When I was a child, my father would travel abroad, to far corners of the world. On his return, we children would welcome him with elation, because we knew that he always brought home presents galore - and, with the innocent greediness of the very young, we looked forward to rummaging through his baggage, looking for treasure.

Those days are long gone (alas!), and I am now a father myself - to me now falls the pleasurable burden of satisfying my own children's innocent greed.

And there's the rub.

When I was a child, my father had it easy. The world of my childhood had hundreds of nations, each with a separate culture - each producing a unique set of consumer goods, eminently suitable for presents.

The world of today is different. Today, the global Europo-American superculture has taken over everything. No matter where one travels, the goods for sale are the same.

So....there I was, far from home, in a foreign city. In the spirit of properly pampering my children, I went shopping - only to find that every item on sale was equally available at home. Not only that, it was as if it was all made of cheap plastic, all....tawdry somehow.
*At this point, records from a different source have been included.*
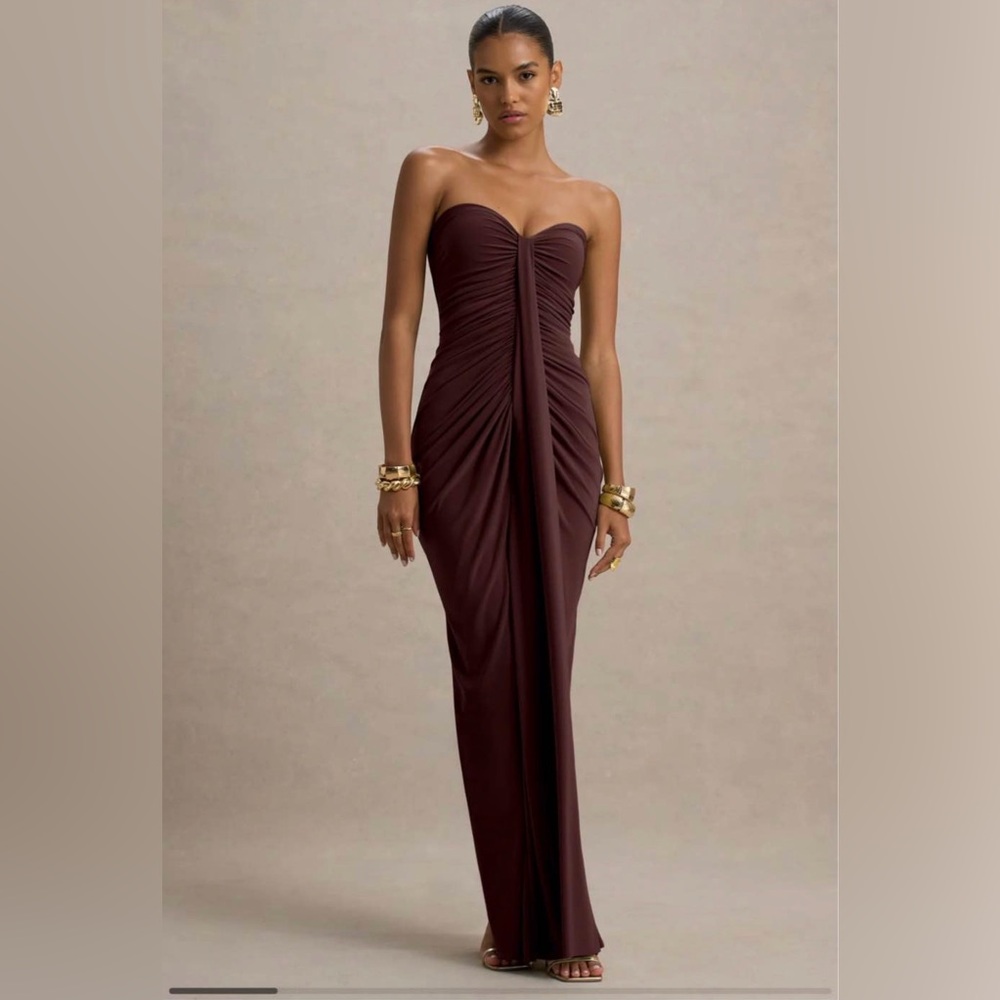 Club L London Strapless Wine Dress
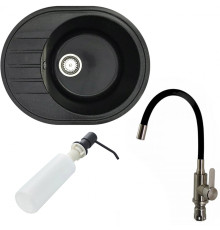 Кухонная мойка БелЭворс New Lux R + смеситель W74004-2 + дозатор L405F черный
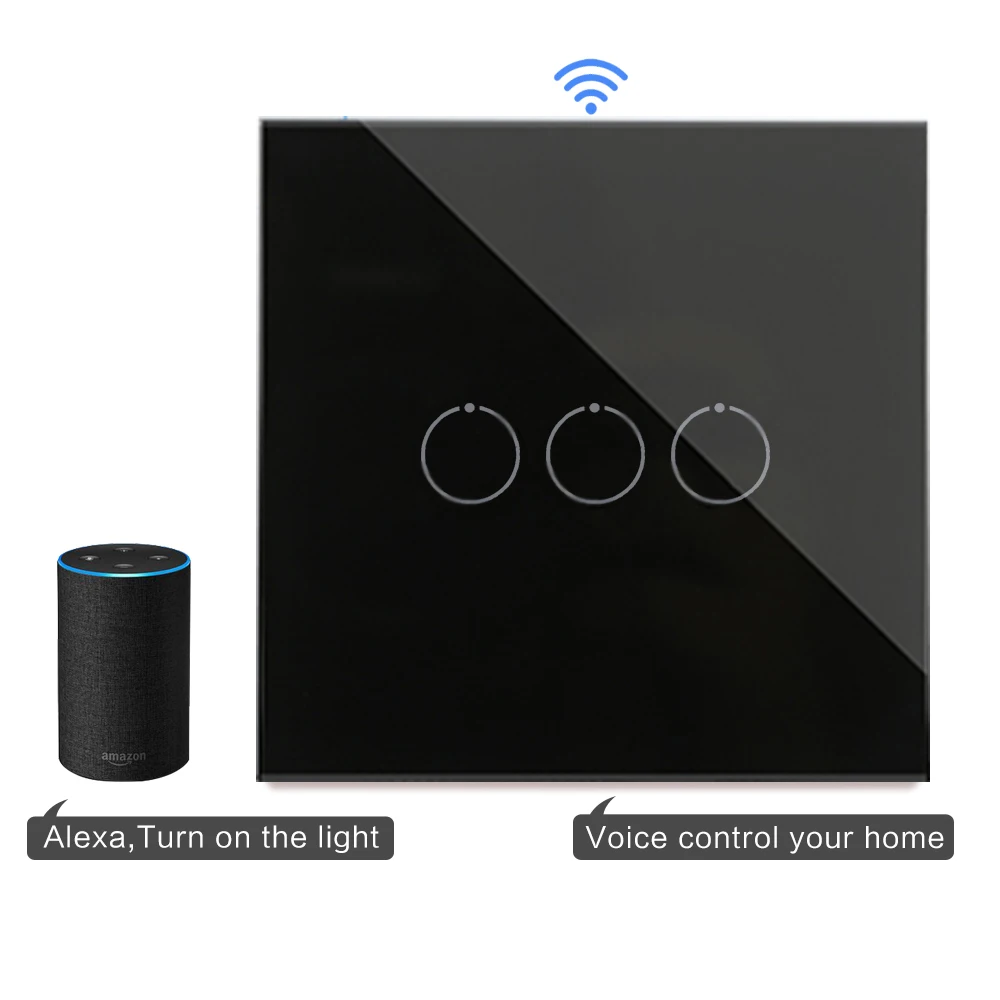 Bingoelec WIFI RF433 Remote Control Switches 3 Gang 1 Way Silicon Wall Touch Light Switch Tuya Alexa Smart Home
Worthless, in fact.

The same rubbish, all around the world - I don't know about you, but I find that a profoundly depressing thought.

Bruce Springsteen put it: "Fifty-seven channels and nothing on". It seems as if the world has produced a mass culture that supplies the same superficial consumer goods - everywhere. Granted, there is no shortage, but neither is there any diversity.

What is one to do? On the one hand, capitulation is certainly an option - and I freely admit that I wound up buying something that I could just as well have bought at home - but what is one to do when the local/unique goods are either revoltingly touristish or expensive to the point of absurdity?

Is there another option - or are we forever condemned to dwell in the Purgatory of the lowest common international denominator?